Most of them grew squash, beans, and corn, and also harvested berries and other wild fruit.
They didn’t dress like the High Plains Natives out west. They had their own distinctive style.
They loved storytelling and legends. Mount Katahdin, for instance, was inhabited by a half-human, half-bird winged spirit called Pamola who could make the night wind blow or generate snowstorms. And the Maliseet had tales about the little people, who were like brownies or leprechauns.
When I moved to New England more than three decades ago, I tried to take in at least one whale-watch cruise each year, usually out of Newburyport, Massachusetts. But my first time of meeting a live whale came during my first-time ever time in a real sailboat, which was also my first time out on the Atlantic. At first, we saw minkes lolling along at a distance, some of them parallel to our course. And then, just as we were turning into the harbor on the Isles of Shoals, one came up right beside the bow, where I was standing. You can’t say this Ohio boy wasn’t impressed. Minkes may be the smallest of the whales around here, but our 32-foot craft wasn’t much bigger.
A minke is viewed between Campobello and Deer islands in New Brunswick on a cruise out of Eastport.
Whales migrate up the New England coast each May and linger in its nutrient-rich waters well into October.
One thing I quickly came to appreciate is that there are no guarantees about what you’ll encounter when you go out from shore. What I’ve often called a poor man’s cruise is an experience in itself, especially as you watch land recede and then disappear altogether behind you and there’s nothing save the expanse of sea and sky with occasional birds and boats as punctuation. On one outing, the only whales we found were a minke cow and her calf, which we followed at a leisurely pace. On another outing, so many minkes, humpbacks, and finbacks surrounded us – some close enough to be misted by their stinky blow, others breaching off in the distance – I lost count. Once, we had to be content with a trio of porpoises. You should be grateful for whatever presents itself.
I was trying to get a good shot of the Cherry Island lighthouse but wound up with this moment of a father and daughter from Ohio.
Somehow, though, after I remarried, the annual event faded from the schedule – maybe a handful in 20 years, always with family and sometimes with the kids’ friends. I still have the memories.
Relocating to an old house a block from the ocean has now recharged that. I can walk to the whales. Seriously. In late season, they can even be seen from the shore here.
Here’s a sculpin fish that was in a lobster trap the cruise pulled up as part of its tour of the local waters.
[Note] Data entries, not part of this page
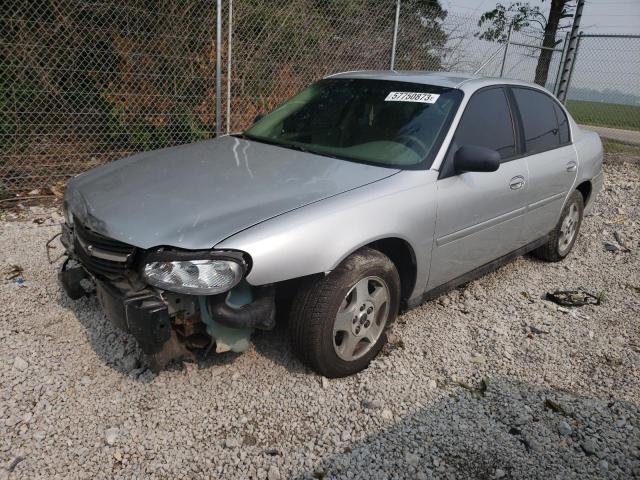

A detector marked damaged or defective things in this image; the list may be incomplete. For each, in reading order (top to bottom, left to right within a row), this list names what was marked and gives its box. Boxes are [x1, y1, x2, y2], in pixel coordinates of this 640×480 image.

damaged front end [60, 218, 278, 372]
front bumper damage [60, 222, 278, 372]
exposed headlight assembly [142, 251, 245, 296]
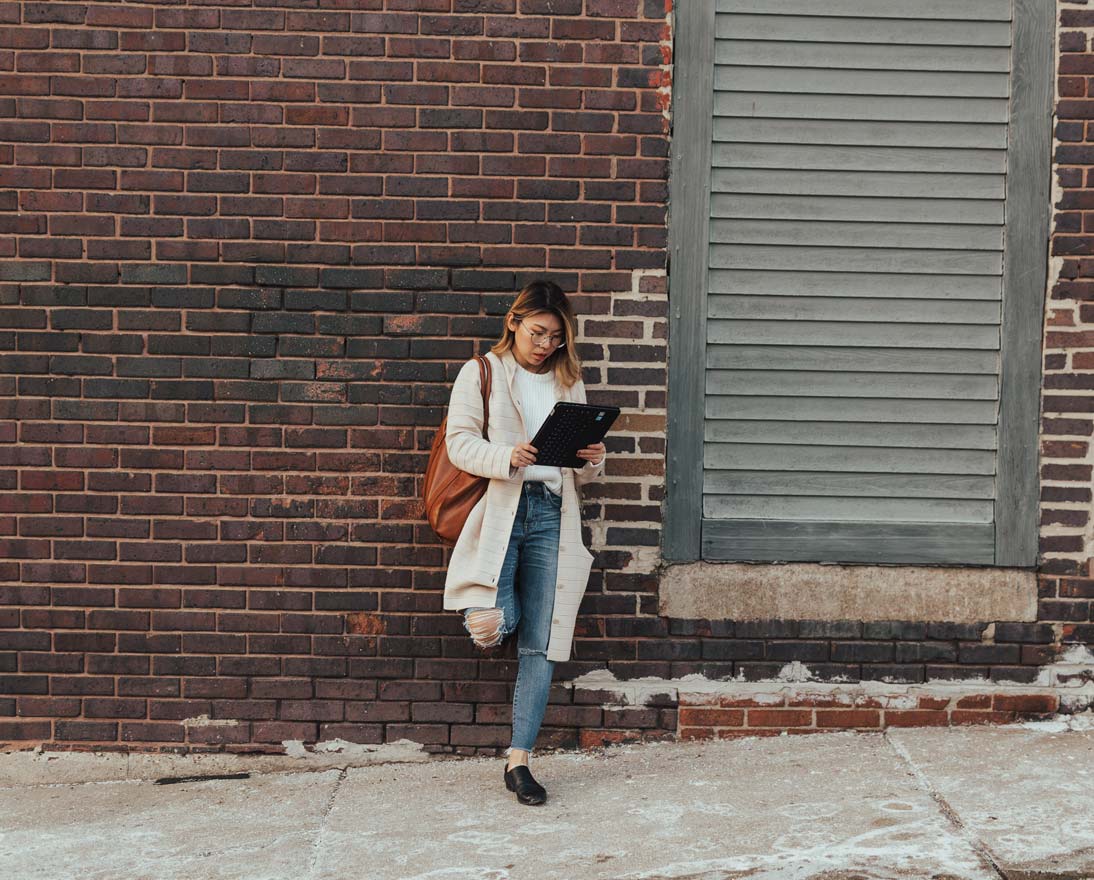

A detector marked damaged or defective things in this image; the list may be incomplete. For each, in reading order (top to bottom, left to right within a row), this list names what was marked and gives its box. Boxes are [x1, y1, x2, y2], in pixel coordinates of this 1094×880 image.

crack in sidewalk [306, 761, 347, 880]
crack in sidewalk [879, 726, 1006, 880]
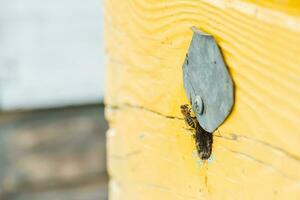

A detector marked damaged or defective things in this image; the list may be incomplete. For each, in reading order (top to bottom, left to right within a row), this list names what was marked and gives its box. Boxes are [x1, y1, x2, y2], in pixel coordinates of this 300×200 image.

peeling yellow paint [105, 0, 300, 199]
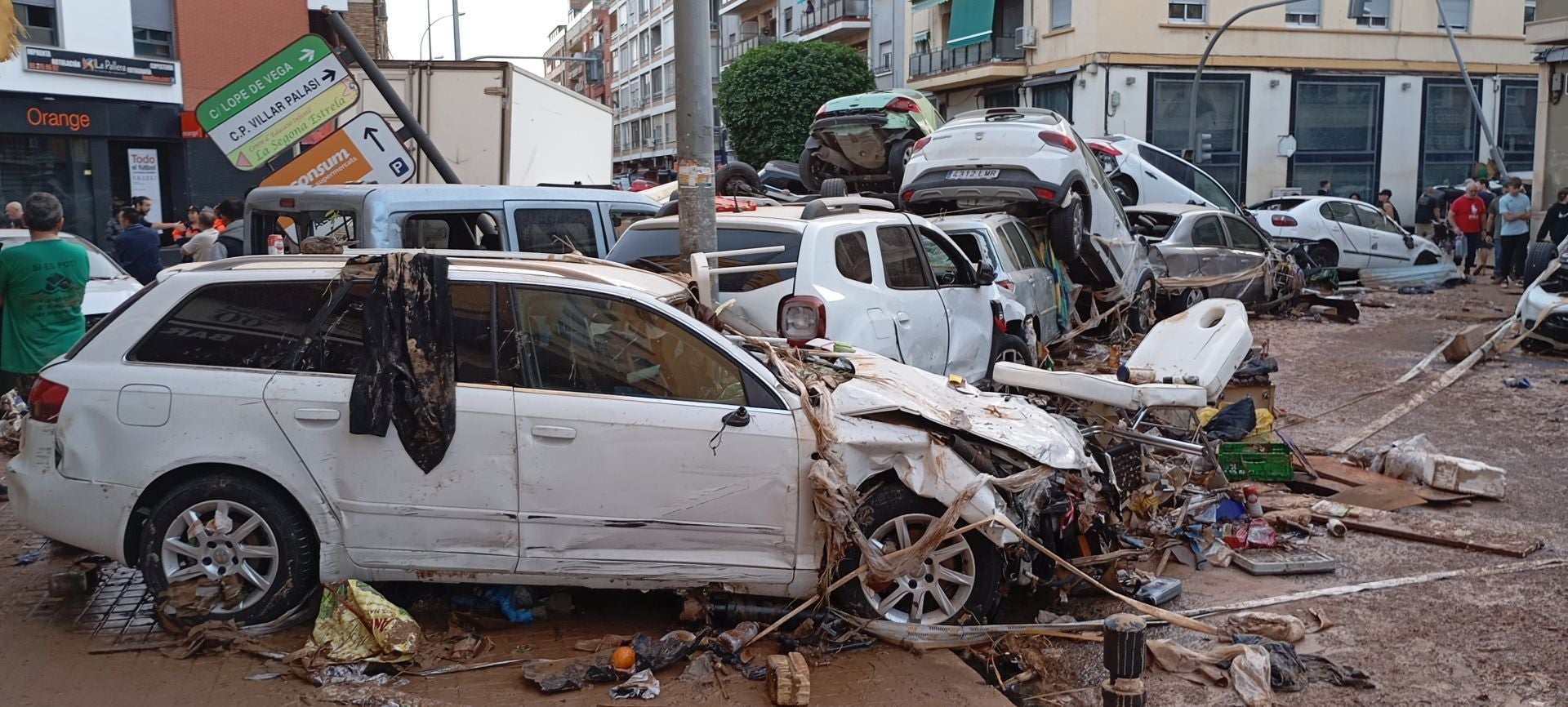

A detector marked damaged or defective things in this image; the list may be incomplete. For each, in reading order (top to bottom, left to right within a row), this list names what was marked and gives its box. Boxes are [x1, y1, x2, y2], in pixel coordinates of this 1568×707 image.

bent metal pole [1178, 0, 1292, 162]
torn fabric hanging on car [348, 252, 454, 473]
crushed car hood [834, 351, 1091, 473]
crumpled metal sheet [834, 354, 1091, 476]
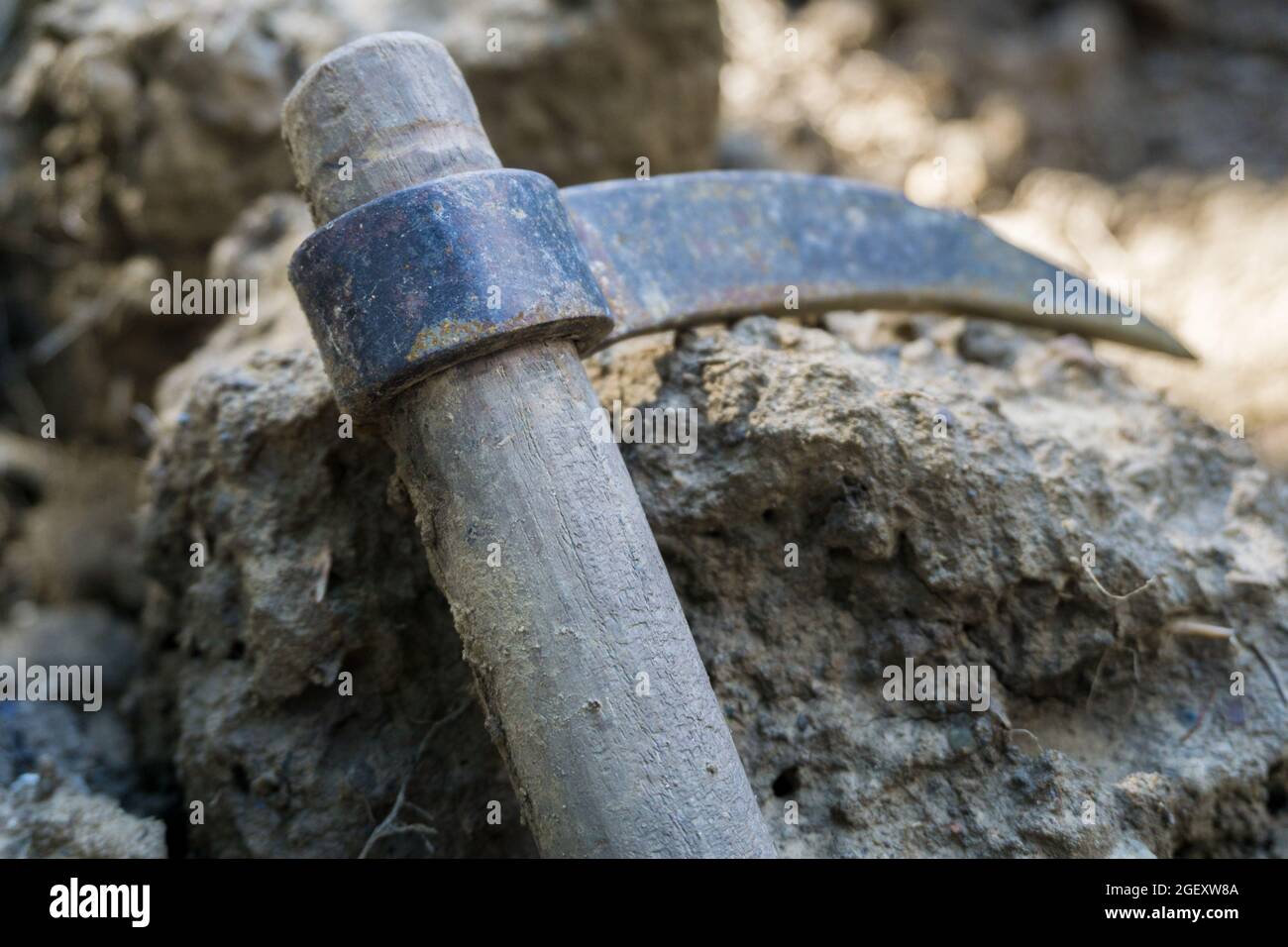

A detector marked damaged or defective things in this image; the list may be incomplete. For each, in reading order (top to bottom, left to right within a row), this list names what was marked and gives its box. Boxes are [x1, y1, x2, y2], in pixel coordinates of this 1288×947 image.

rusted metal surface [292, 168, 612, 412]
rusted metal surface [564, 169, 1195, 358]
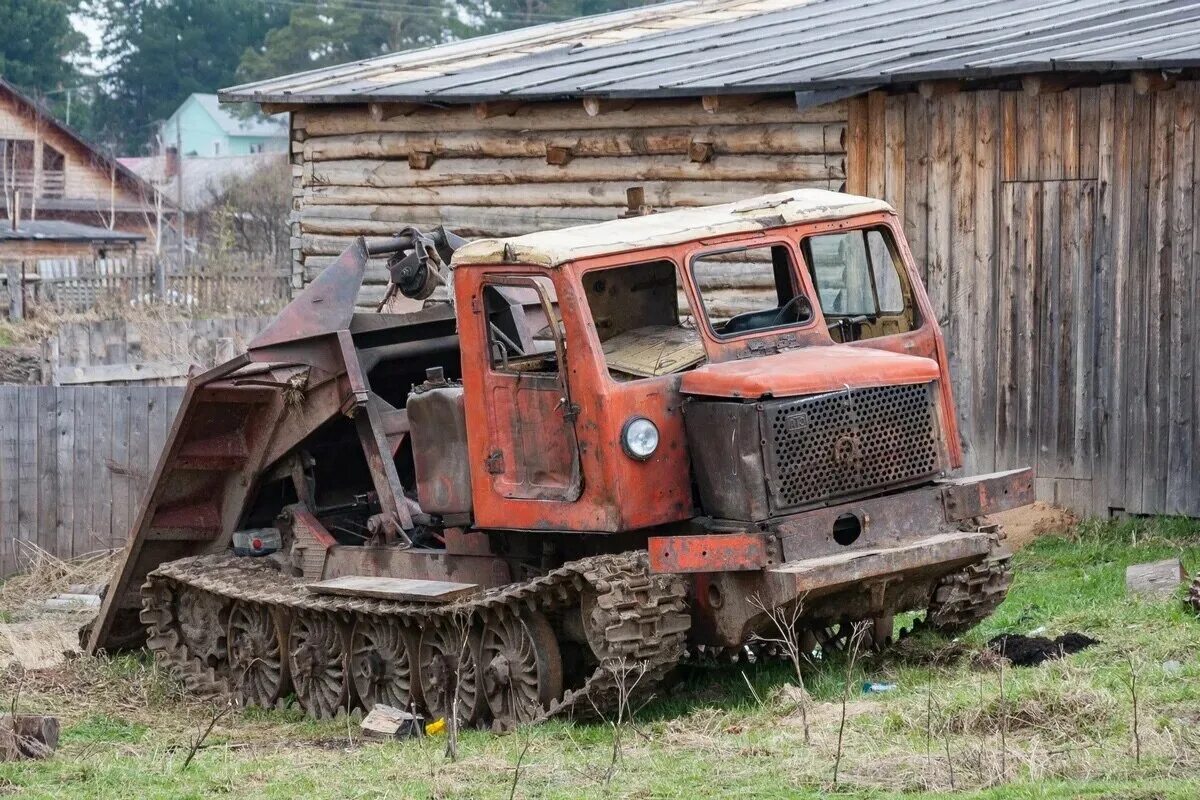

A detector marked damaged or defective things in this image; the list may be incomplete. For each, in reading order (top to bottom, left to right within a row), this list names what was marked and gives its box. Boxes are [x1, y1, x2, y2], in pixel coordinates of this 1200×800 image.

rusty tracked tractor [88, 190, 1036, 729]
More likely is walking down to Butch and Jana Harris’ Eastport Windjammers and setting forth in one of their refitted lobster boats. The vessels are smaller than the usual whale-watch models but put you much closer to the water. The route, from downtown Eastport out between Campobello and Deer islands in New Brunswick, doesn’t need to go into the open waters of the Bay of Fundy. On at least one of boats, you can even stand beside the captain – usually, but not always, Butch – and, on occasion, each of the kids on board gets to briefly take a turn steering at the wheel.
Don’t scoff when you connect “windjammer” with “lobster boat.” The enterprise comes by its name honestly. Up through 2014, its whale-watch cruises took place aboard Butch’s 118-foot, three-masted schooner, the Ada Lore. But on December 4 that year, a portion of the Breakwater collapsed, wrecking the schooner.
Pursuing whales from a wind-powered deck, I’ve been assured, is the most satisfying way of all to go forth.
I’m ready and willing, should the opportunity present itself.
At times we were joined by what I jokingly call the world’s smallest whale-watch vessel, which sails out of neighboring Lubec. The captains work together by radio to share sightings and other info. Lubec is seen in the background.
What’s been your most memorable experience with the sea? Or some other body of water?